Ashley started studying Catholicism in River Forest with a priest of the Dominican Order, the same order Aquinas belonged to. He attended daily mass at St. Thomas the Apostle church in Hyde Park and in 1938 was baptized. “The Socialist Workers’ Party expelled me as a scandal,” he recalls, “and I was forced to rethink my Marxism.” He still sympathized with the movement’s call to equality and social justice, but its dogmas and party commitments were incompatible with his new religious path. Ashley transferred to the University of Notre Dame to finish his studies; in 1941, he took vows as a Dominican, adopted the name Benedict, and commenced studies to become a priest.
After taking vows, Benedict Ashley burned his “fleshy” novel and turned to writing on theology and ethics. Ordained in 1948, he taught Thomistic philosophy at the Aquinas Institute, which was based in River Forest before it moved to Dubuque, Iowa, and later St. Louis, Missouri. Since 2003, he’s been advising the Institute for Advanced Physics, an organization in Baton Rouge, Louisiana, founded to reconcile science and religion. The institute rejects a division between natural science and philosophy; Ashley has been serving as a faculty member and adviser from his home in Chicago.

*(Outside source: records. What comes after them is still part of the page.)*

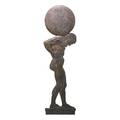 Art deco bronze figure of atlas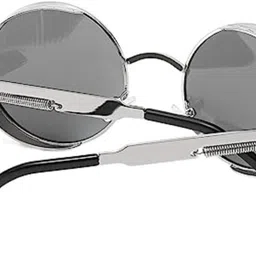 supreno UV Protection, Riding Glasses, Polarized Round Sunglasses (52) image 2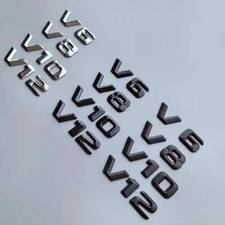2015 3D Sharp V6 V8 V10 V12 Letters Numbers ABS Car Emblem for mercedes benz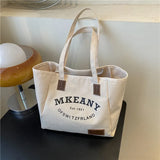 Classic Letter Big Bag for Women Spring Canvas Shoulder Tote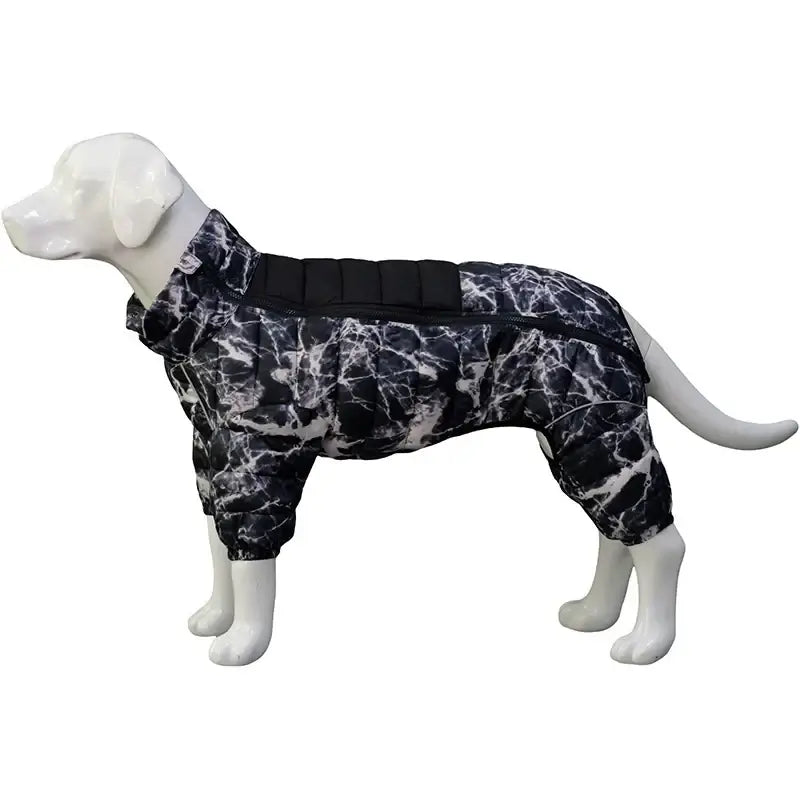 Dog Thicken Cotton-padded Coat Pet Warm Down Jacket Windproof 4 Legs Pet Outfit Winter Greyhound Husky Corgi Chihuahua Clothes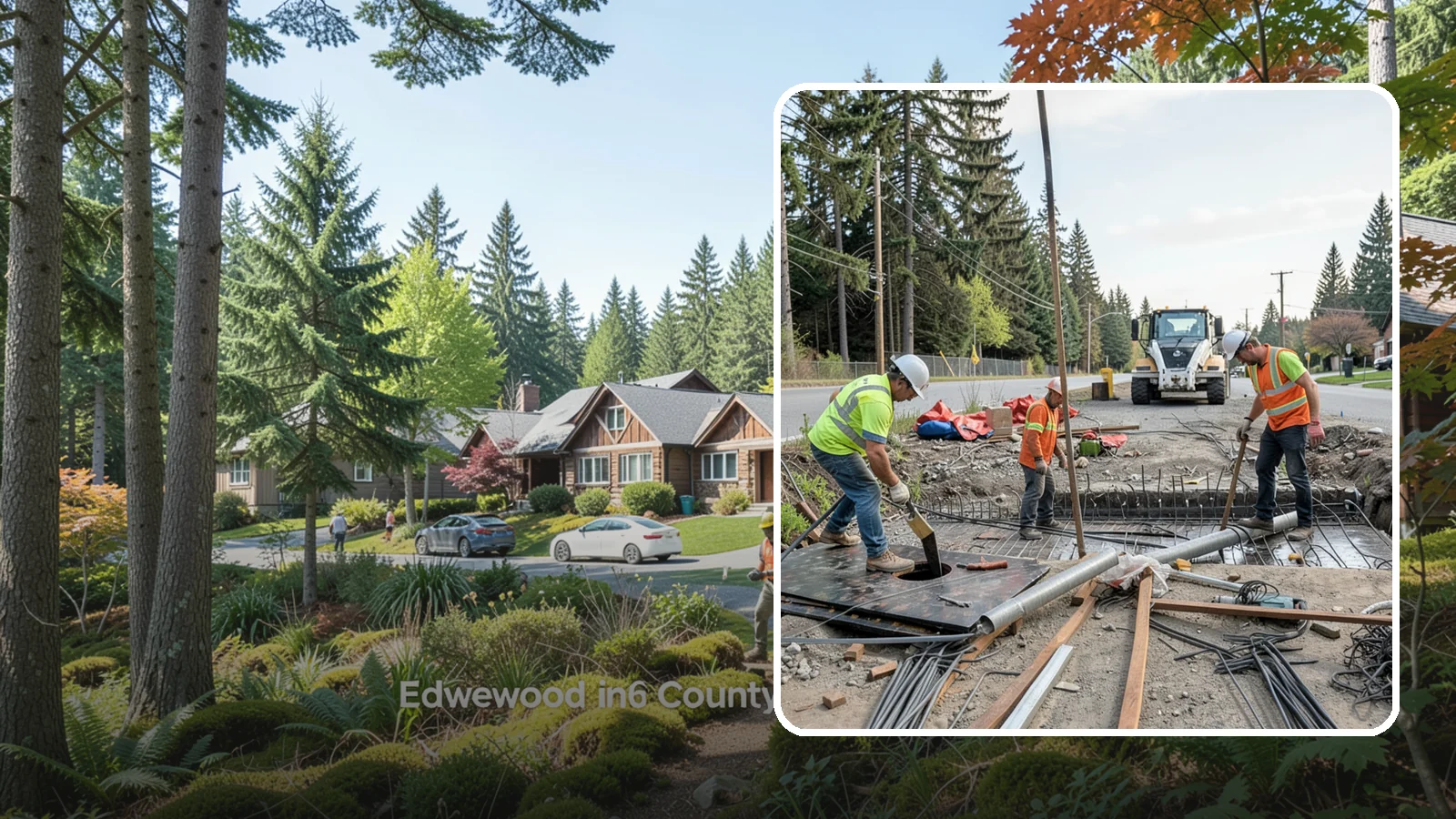 Culvert Repair in Edgewood, Pierce County, WA - Culvert repair and rehabilitation that restores structural integrity and flow to failing cross-drainage structures.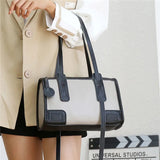 Women Messenger Bag Leather Crossbody Shoulder Handbag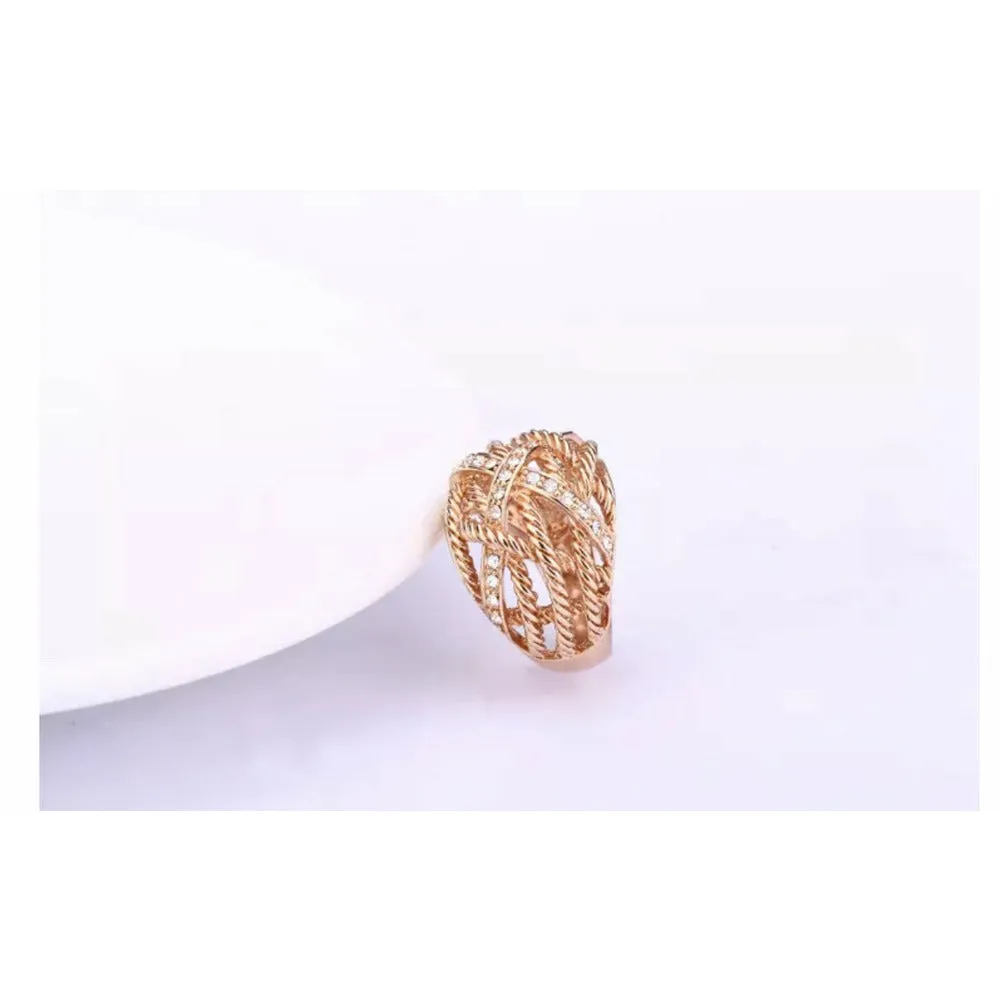Jazzy Weave Ring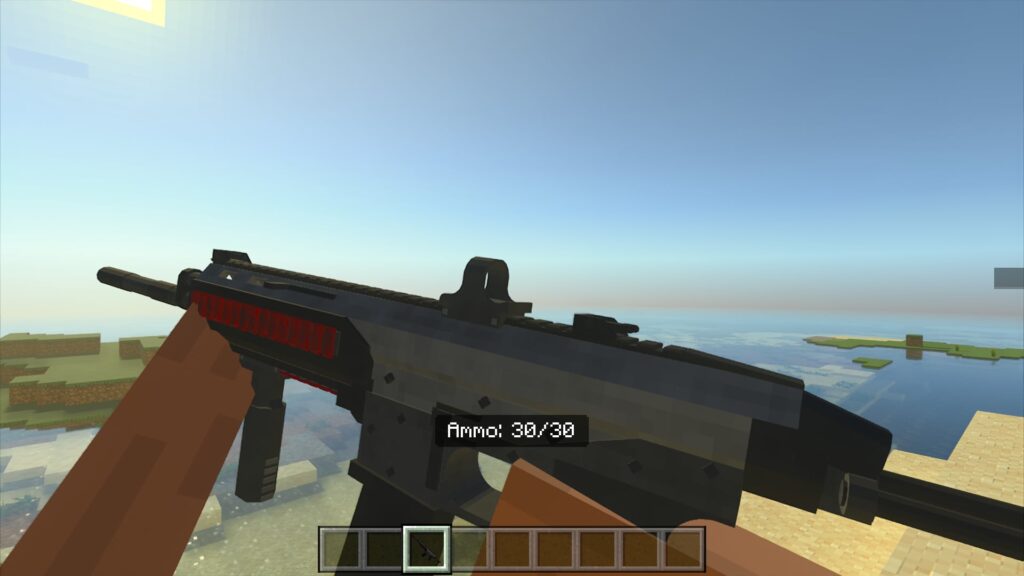 InSafe's Warfare addon gun 3D Minecraft pe v0.51 BETA FIX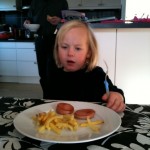 Elin med födelsdagsmat!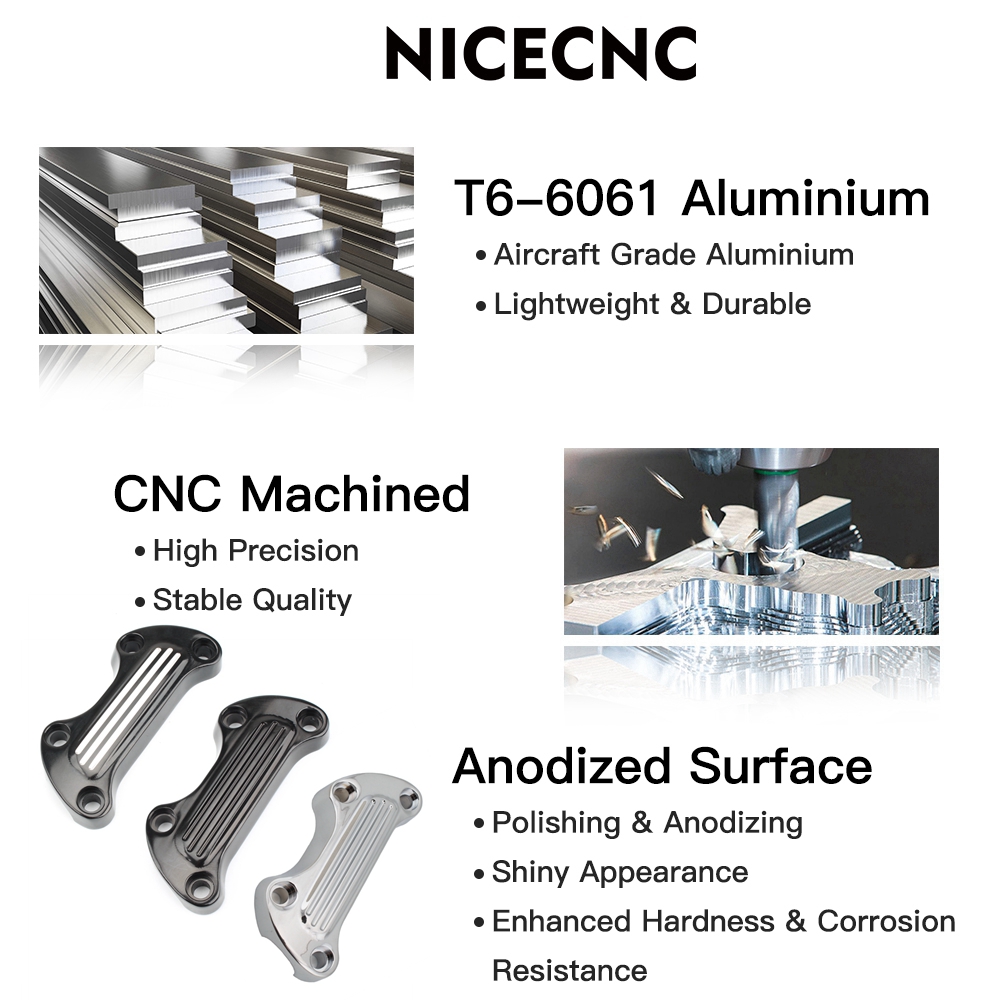 Motorrad Lenker oben Klemme Steigleitungen Für Dyna Electra gleiten Softail ausbrechen FXSB Fett Junge FLSTF Sportster 1200 883 Eisen XL883N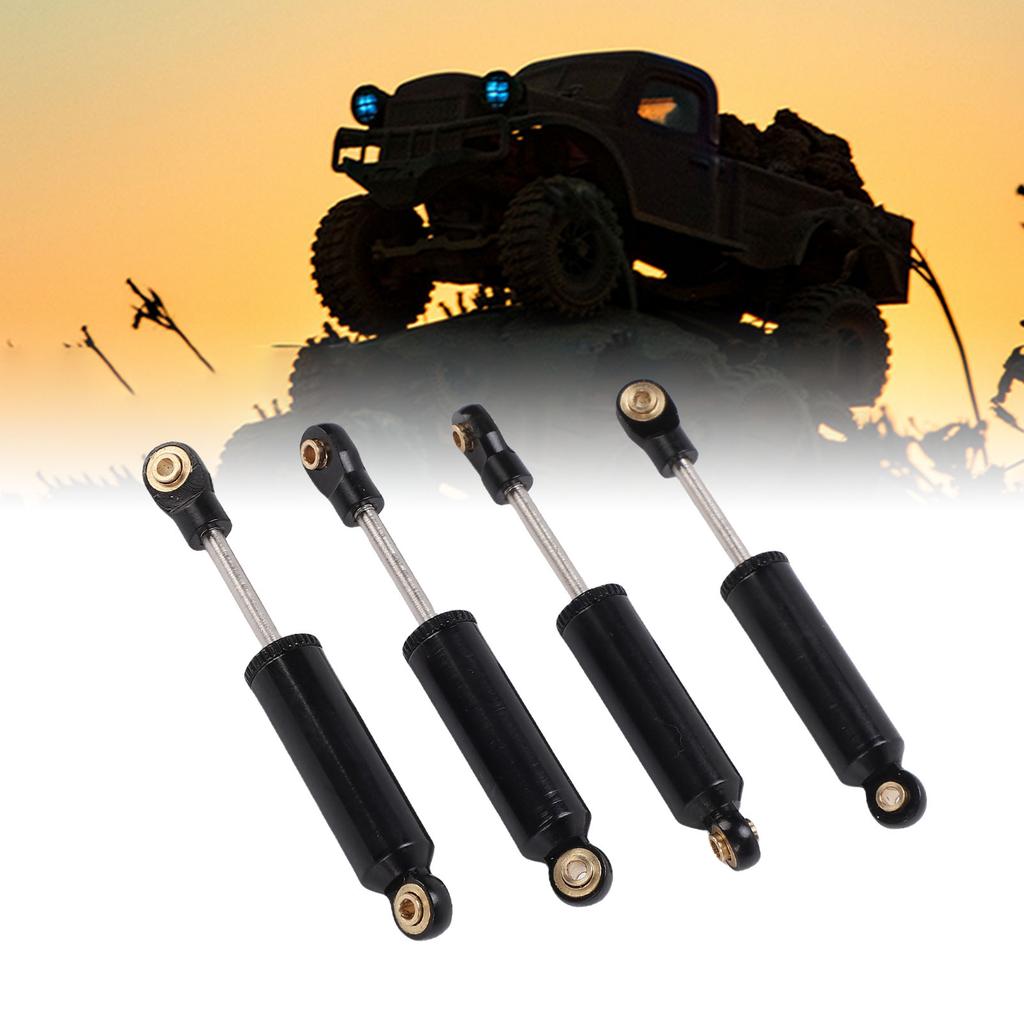 4PCS Shock Absorbers Fit for   1Celsius18 Scale RC Crawler Car Internal Spring Shock Dampers with Screws Washers 59mm Black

He also serves on the advisory board of the Lumen Christi Institute for Catholic Thought in Hyde Park, founded by UChicago Catholic scholars in 1997. Lumen Christi’s executive director, Thomas Levergood, says, “Ashley’s of great interest as a representative of a remarkable period of the University of Chicago and the Catholic Church in America.”
Time has given Ashley a new perspective on the “war between facts and ideas.” “I don’t think the Great Books is the right idea,” he says bluntly. “I do think that studying the classics is important but to start out that way”—trying to fully comprehend a classic text in a week—“is too difficult for students.” Instead, he points to metaphysics as the philosophical foundation for education: “It distinguishes different types of knowledge from each other, shows the relation between them, and finally unites them in the notion of God.” In 2006, he summarized this idea into what he describes as his “main book,” The Way Toward Wisdom, a grand overview of metaphysics in the vein of Aquinas and what might be described as Ashley’s own Summa.
Today, as he works on two more books and tries to get a third published, the questions that animated Ashley’s time as a student remain alive—and he still finds opportunities to hash them out with UChicago students and faculty. Earlier this year, he debated his good friend Herman Sinaiko, AB’47, PhD’61, professor of humanities and in the College, arguing for the natural sciences as the grounds of knowledge against Sinaiko’s claim for ethics. And last fall, he was invited by Lumen Christi to give a lecture, “How the University of Chicago Opened My American Mind.”
“I found life in its gray towers strange indeed,” he told his listeners, and outlined a philosophy of education blending Deweyan pragmatism and the Great Books approach. From his well-traveled perspective, the latter, he said, “exposes the original questions and the original insights out of which [the Western] cultural tradition was born. No matter how advanced science becomes, we have to ask these questions again, as Einstein did, and again.”